= Wincents Sebbelow =

Norwegian politician

Wincents Lassen Sebbelow (10 December 1770 – 19 April 1841) was a Danish born, Norwegian lawyer, merchant and politician.

==Biography==
Sebbelow was born at Tranekær in Langeland, Denmark. He was the son of Jørgen Sebbelov (1731–91) and Catharina Maria Lassen (1742–83). He had a short military career in Denmark and in 1793, took the Danish legal examination. He came to Norway in 1796 and by 1800 he was in Kristiansand where he settled as a merchant.

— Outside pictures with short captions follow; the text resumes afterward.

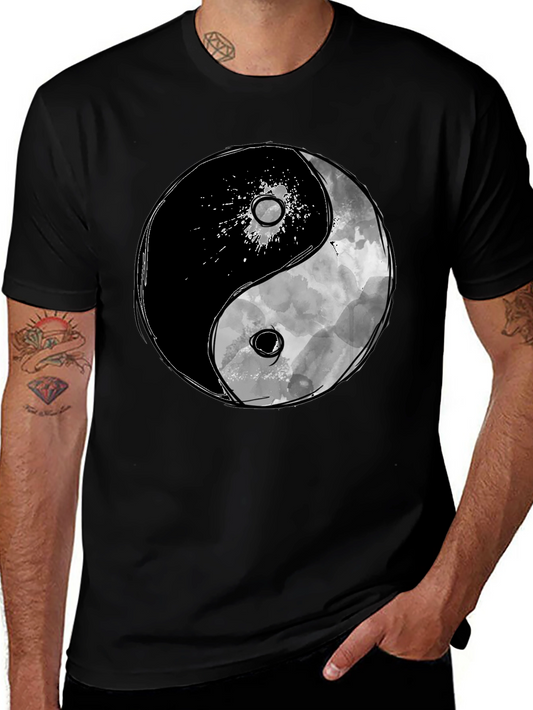 Yin Yang Graphic Tee - Harmony & Balance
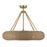 Savoy House Gaia 4 Lt Ceiling Fan, Fan D'Lier, Warm Brass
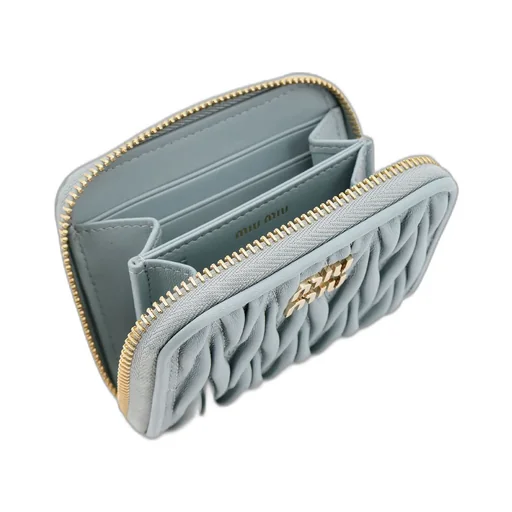 Miu Miu Matelassé Coin Purse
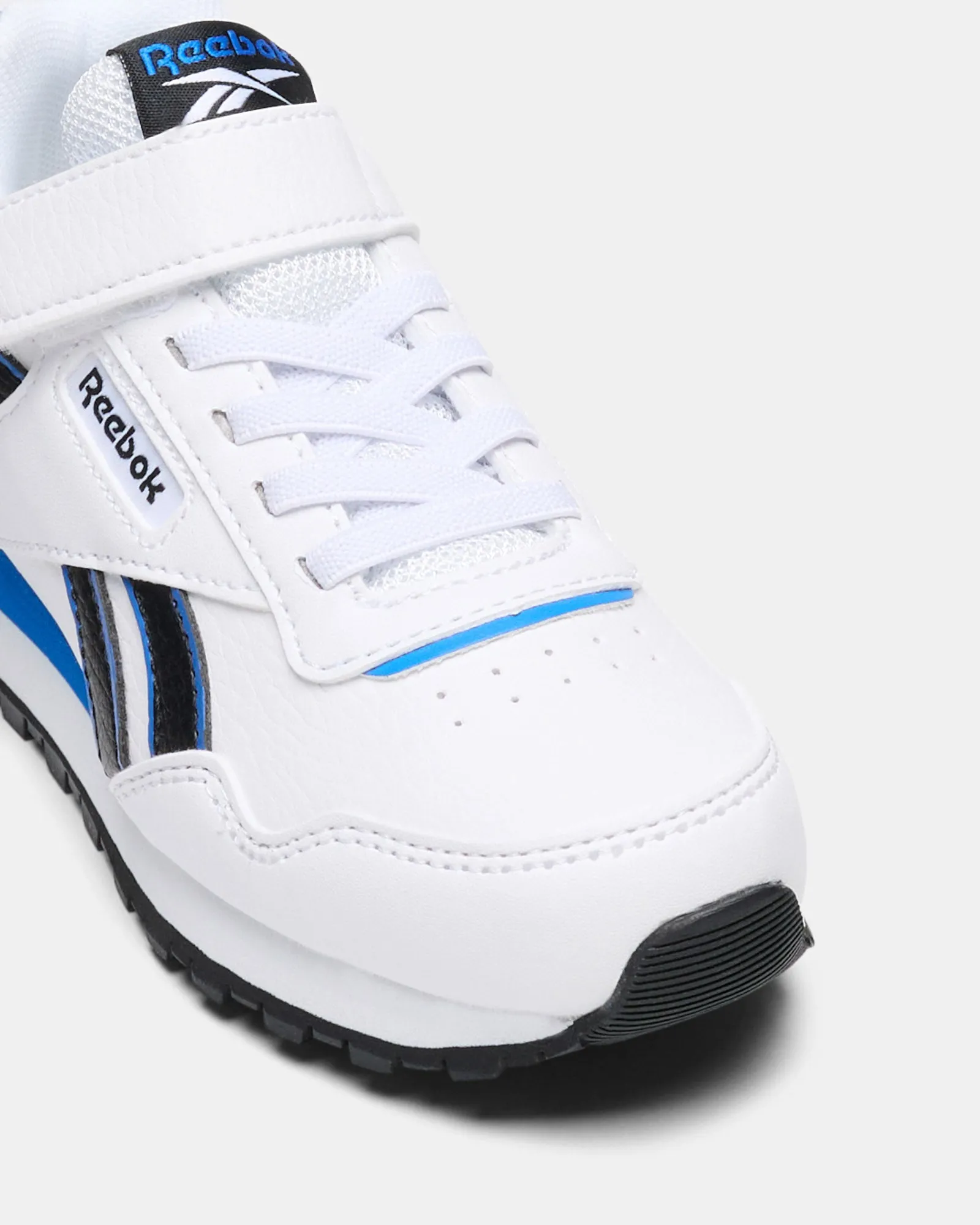 Reebok Royal Glide 1V White/Black/Kinetic Blue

During the Gunboat War, Great Britain conducted an economic war engaging its naval forces to prevent trade flowing within, into and out of the Danish-Norwegian waters. For Norway, participation in the war led to a severe economic downturn. In 1810, Sebbelow obtained the title of General War Commissioner (Overkrigskommissær) and functioned as a privateer.
After the war, Sebbelow was elected to Norwegian Parliament in 1818. Sebbelow was re-elected to Parliament in 1821 and 1822. After serving at the second Extraordinary Parliamentary in 1822, he moved to Larvik where he was appointed military commissioner for Vestre Sønnafjelske and where he lived until his death.

==Sebbelows Stiftelse==
Sebbelow was married to Justine Margrethe Arctander (1763–1826). They had a son, Christian August Sebbelow (1805–86) who inherited a significant fortune and excelled as a businessman, lawyer and public procurator. Christian Sebbelow died without direct heirs and was the founder of Sebbelows Stiftelse which was organized in Christiania (now Oslo) during 1867. The institution provided care for pregnant, unmarried women and provided temporary housing for mother and child after birth. Additionally it assisted the mother in establishing stable employment and residence. The institution is still in operation to the current time.

==Related reading==
- Inger-Lise Stjernholm Fehn (2003) Kom ikke til meg med en lausunge" : om ugifte mødre som søkte tilflukt på mødrehjemmet Sebbelows Stiftelse i perioden 1892 til 1946 (Oslo: Fehn)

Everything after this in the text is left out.